The hardest part in setting up an iPhone to send digitally signed and encrypted email is getting the certificate backup file onto the iPhone. Here are the steps to do this:

  1. Export each certificate as an individual backup file.
  2. Copy the files to the iPhone using one of two methods:
    • Copy each certificate file to iCloud drive
    • Email it (easy, but probably less secure)
  3. Select the file and follow the prompts to enter your iPhone lock code followed by the certificate backup password.

Once you have the certificates installed on your phone, you will need to go into settings to set up your email account to use it to send mail.

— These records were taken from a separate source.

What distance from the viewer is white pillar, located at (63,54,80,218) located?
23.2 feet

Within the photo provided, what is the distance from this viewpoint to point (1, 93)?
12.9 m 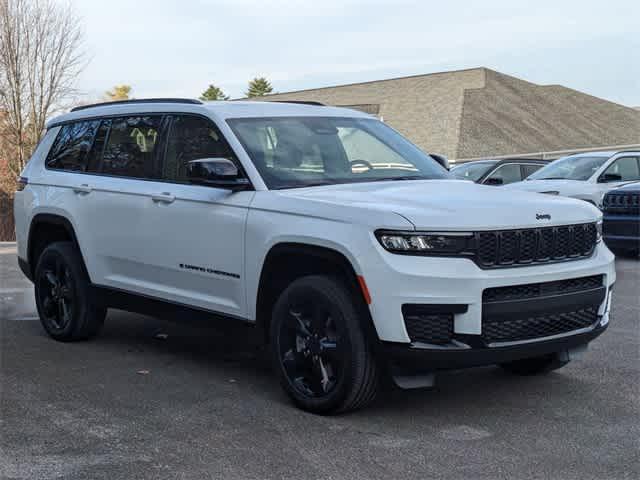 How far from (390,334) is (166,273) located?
219 centimetres

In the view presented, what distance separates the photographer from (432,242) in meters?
5.19

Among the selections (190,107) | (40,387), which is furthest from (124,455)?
(190,107)

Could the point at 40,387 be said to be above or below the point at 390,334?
below

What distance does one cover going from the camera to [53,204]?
8.08 metres

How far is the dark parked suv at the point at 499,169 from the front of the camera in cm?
1884

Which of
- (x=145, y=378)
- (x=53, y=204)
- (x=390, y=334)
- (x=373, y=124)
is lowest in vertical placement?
(x=145, y=378)

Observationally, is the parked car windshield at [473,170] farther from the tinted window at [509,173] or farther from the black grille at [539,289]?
the black grille at [539,289]

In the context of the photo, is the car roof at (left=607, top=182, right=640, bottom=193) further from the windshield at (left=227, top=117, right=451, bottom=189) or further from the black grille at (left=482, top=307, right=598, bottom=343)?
the black grille at (left=482, top=307, right=598, bottom=343)

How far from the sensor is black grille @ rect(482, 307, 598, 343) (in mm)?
5285

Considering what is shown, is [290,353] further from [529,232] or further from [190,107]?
[190,107]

    1. Open settings and choose “Accounts and Passwords”.
Open the iPhone settings for Accounts and Passwords
Figure 21. Open the iPhone settings for “Accounts and Passwords”.
    1. Select the account where you want to use the S/MIME certificate.
Select the account where you want to use the S/MIME certificate
Figure 22. Select the account where you want to use the S/MIME certificate.
    1. Select the email account account again at the right arrow.
Select the email account account again at the right arrow
Figure 23. Select the email account account again at the right arrow.
    1. On the account settings screen, open the “Advanced” settings.
On the account settings screen, open the Advanced settings
Figure 24. On the account settings screen, open the “Advanced” setting.
    1. On the Advanced Settings screen, enable S/MIME and select “Sign”.
On the Advanced Settings screen, enable S/MIME and select “Sign”
Figure 25. On the Advanced Settings screen, enable S/MIME and select “Sign”.
    1. On the digital signature screen, select the certificate that you want to use for this email account.
On the digital signature screen, select the certificate that you want to use for this email account
Figure 26. On the digital signature screen, select the certificate that you want to use for this email account.